In this article, we would like to discuss another option that became recently available, that can greatly simplify some recovery scenarios. We will discuss recovering from an “oops” using temporal tables, available in SQL Server 2016 and in Azure SQL Database. The linked documentation provides a detailed description of this new feature. As a quick introduction, a temporal table keeps a record of all data changes by saving versions of rows in a separate history table, with a validity period attached to each version. T-SQL language has been extended to simplify querying of current and historical data. In terms of performance overhead, there is none for INSERT and SELECT statements on the current data. The overhead of other statements is similar to that incurred by maintaining an additional index, and is in any case less than the overhead of other solutions for keeping history, such as triggers or CDC.
From the outset, we need to say that this method is applicable to a rather narrow subset of scenarios, considering all the possibilities for an “oops”. It also requires advance preparation, i.e. modifying table schema to add temporal period columns, and explicitly enabling system versioning. But for those specific scenarios, it allows a much simpler recovery process than PITR, and is therefore worth considering in detail.
To explain the recovery process with a temporal table, let’s consider an example (based on a true story).
In this example, an application uses a SQL Server table as a queue. Messages are generated by multiple application processes, and for each message, a row is inserted into this table. A separate process retrieves these messages from the queue, i.e. executes a single row SELECT statement against the table, processes message payload, and then deletes the processed message row from the table. (As an aside, this is not the most optimal way to implement a queue using a table. It would be better to dequeue messages using a DELETE statement with an OUTPUT clause.)
A new code release introduces a bug where rows are selected, and then deleted immediately, without calling the code to process the message. This is not noticed until 7000 messages are deleted without having been processed, while the rest of the workload continues to run and modify data in the database.
To recover from this using the traditional point-in-time recovery, it would have been necessary to perform 7000 precise point-in-time restores, which is not feasible for most applications. Another possible option is to reconstruct the data from the transaction log, however there are no documented or supported ways to do that, and it may be extremely complex or not even possible in the general case.
Now let’s consider what would happen if the queue table in this example were a temporal table.

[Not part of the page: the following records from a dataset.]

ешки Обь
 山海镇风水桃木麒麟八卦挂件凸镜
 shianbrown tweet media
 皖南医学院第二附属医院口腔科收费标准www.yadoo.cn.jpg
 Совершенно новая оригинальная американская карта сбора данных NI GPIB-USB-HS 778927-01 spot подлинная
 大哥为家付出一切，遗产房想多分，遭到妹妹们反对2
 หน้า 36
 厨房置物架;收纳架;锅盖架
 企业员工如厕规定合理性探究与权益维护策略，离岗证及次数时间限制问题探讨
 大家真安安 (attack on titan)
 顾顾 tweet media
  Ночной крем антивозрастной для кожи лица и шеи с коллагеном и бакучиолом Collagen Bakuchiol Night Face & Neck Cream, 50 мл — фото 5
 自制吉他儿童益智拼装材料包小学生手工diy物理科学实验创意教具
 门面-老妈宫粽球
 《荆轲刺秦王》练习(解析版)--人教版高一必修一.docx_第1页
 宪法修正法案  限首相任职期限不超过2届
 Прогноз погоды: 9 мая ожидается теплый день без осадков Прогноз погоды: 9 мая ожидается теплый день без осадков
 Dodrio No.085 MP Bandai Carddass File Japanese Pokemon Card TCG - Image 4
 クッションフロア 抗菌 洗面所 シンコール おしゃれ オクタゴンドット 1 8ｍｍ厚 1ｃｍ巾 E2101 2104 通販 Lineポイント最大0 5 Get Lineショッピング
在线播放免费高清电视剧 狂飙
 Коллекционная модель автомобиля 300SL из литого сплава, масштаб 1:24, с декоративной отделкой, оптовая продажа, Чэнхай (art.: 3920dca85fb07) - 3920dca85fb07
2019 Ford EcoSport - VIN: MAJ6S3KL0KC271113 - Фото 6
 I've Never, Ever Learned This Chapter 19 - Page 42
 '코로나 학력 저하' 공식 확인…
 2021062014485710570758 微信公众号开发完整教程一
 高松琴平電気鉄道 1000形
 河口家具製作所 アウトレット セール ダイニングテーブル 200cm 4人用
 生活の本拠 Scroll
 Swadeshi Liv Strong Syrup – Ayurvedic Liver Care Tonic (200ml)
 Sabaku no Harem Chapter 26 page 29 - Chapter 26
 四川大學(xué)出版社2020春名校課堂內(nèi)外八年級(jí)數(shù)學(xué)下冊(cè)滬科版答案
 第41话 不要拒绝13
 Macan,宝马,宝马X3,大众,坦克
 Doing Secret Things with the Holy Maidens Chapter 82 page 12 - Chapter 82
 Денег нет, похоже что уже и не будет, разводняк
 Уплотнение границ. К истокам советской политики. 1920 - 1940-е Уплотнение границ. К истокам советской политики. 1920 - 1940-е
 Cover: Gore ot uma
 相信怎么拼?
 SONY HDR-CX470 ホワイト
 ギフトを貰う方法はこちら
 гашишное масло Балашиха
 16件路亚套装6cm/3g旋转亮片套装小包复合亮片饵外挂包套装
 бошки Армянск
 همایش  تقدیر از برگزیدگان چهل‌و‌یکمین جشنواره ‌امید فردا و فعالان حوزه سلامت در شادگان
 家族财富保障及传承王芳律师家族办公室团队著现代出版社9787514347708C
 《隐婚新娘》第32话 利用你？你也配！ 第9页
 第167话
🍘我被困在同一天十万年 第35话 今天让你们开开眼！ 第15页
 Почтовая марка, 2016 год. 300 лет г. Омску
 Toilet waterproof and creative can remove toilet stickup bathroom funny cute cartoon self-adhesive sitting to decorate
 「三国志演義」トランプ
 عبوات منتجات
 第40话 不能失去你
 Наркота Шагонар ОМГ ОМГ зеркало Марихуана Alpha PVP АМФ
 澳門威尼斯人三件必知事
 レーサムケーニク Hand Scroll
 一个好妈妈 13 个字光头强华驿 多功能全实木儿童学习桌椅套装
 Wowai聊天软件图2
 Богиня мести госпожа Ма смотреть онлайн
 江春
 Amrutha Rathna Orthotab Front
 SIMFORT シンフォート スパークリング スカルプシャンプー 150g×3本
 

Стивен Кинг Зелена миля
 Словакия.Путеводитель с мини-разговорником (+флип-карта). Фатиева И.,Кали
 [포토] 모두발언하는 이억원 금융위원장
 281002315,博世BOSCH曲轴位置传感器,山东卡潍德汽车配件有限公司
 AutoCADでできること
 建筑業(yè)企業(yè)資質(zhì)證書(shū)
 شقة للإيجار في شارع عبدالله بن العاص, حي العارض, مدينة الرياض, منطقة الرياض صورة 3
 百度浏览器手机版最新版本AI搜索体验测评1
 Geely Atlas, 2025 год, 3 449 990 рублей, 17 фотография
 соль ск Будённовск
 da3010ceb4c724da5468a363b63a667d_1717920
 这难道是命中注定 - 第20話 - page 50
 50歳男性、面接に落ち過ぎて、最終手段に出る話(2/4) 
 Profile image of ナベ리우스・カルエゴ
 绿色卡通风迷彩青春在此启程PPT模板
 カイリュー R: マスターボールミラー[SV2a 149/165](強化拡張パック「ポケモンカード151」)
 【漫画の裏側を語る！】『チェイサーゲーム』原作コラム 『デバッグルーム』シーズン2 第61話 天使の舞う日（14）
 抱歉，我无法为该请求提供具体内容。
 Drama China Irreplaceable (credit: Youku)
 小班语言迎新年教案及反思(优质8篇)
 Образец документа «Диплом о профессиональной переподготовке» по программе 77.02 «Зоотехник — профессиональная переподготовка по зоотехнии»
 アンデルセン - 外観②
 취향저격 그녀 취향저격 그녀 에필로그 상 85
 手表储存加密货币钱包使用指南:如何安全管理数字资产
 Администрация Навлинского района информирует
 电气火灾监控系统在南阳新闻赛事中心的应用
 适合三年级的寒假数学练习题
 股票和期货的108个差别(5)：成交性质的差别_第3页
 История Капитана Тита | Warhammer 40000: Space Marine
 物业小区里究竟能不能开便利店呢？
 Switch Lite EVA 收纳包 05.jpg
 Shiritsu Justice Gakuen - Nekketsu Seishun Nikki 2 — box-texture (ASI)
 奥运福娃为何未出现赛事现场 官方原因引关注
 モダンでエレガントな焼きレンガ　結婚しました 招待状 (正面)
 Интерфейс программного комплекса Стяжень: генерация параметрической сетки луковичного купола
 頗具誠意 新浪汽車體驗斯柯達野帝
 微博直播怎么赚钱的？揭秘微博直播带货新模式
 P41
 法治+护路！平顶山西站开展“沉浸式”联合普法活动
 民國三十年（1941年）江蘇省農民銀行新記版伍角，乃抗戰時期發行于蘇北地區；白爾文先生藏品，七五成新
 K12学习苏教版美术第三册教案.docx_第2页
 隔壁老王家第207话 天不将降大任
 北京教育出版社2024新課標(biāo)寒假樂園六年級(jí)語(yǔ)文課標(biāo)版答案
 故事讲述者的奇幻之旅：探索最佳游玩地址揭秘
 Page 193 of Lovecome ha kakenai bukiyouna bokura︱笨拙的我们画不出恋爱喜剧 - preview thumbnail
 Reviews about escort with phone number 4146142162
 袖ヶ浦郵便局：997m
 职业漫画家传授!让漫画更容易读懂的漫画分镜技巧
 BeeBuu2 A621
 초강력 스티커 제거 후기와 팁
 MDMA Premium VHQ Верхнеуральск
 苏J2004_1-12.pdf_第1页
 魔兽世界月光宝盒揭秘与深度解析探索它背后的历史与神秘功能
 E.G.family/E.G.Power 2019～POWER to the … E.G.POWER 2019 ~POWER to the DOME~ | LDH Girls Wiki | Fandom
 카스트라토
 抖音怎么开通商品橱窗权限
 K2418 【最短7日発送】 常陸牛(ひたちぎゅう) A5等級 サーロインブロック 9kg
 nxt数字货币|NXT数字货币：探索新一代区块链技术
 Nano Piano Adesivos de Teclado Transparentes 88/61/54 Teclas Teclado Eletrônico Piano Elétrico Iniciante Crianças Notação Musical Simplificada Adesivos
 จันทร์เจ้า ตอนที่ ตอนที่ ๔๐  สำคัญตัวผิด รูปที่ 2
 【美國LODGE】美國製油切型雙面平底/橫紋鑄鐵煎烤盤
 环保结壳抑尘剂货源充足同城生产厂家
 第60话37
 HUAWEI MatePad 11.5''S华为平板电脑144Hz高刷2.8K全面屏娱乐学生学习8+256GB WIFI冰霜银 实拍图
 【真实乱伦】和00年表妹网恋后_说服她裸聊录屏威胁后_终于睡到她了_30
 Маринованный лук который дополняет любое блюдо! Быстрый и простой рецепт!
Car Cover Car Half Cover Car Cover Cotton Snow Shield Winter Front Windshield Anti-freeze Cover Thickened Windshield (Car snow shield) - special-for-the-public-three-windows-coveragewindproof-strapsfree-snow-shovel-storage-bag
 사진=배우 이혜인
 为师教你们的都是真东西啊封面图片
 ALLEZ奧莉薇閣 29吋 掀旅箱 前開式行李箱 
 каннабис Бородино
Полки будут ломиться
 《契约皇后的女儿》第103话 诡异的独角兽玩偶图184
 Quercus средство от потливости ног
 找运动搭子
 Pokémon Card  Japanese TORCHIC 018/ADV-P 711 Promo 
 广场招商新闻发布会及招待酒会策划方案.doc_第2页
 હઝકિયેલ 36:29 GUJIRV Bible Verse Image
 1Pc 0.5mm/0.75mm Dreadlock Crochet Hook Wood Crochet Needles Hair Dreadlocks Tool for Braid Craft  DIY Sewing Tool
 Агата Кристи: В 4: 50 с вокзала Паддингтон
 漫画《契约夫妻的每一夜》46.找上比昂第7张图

CREATE TABLE dbo.WorkQueue
(
WorkQueueId int NOT NULL,
MessagePayload nvarchar(max) NOT NULL,
SysStartDateTime datetime2 GENERATED ALWAYS AS ROW START HIDDEN NOT NULL,
SysEndDateTime datetime2 GENERATED ALWAYS AS ROW END HIDDEN NOT NULL,
PERIOD FOR SYSTEM_TIME (SysStartDateTime, SysEndDateTime),
CONSTRAINT PK_WorkQueue PRIMARY KEY (WorkQueueId)
)
;
Compared to a regular table, there are two new columns added here, SysStartDateTime and SysEndDateTime. The values for these columns are automatically generated by SQL Server when rows are inserted, updated, and deleted. Note that in this example, the columns are hidden. While making these columns hidden is optional, it may be useful to avoid impacting the application. If the application code does not follow the best practice of always explicitly listing column names, e.g. if it uses SELECT *, or INSERT statements without target column list, then the addition of new columns can break it. Making the period columns hidden avoids this problem. Note that even if the columns are hidden, it is still possible to see column values if they are explicitly included in the SELECT column list.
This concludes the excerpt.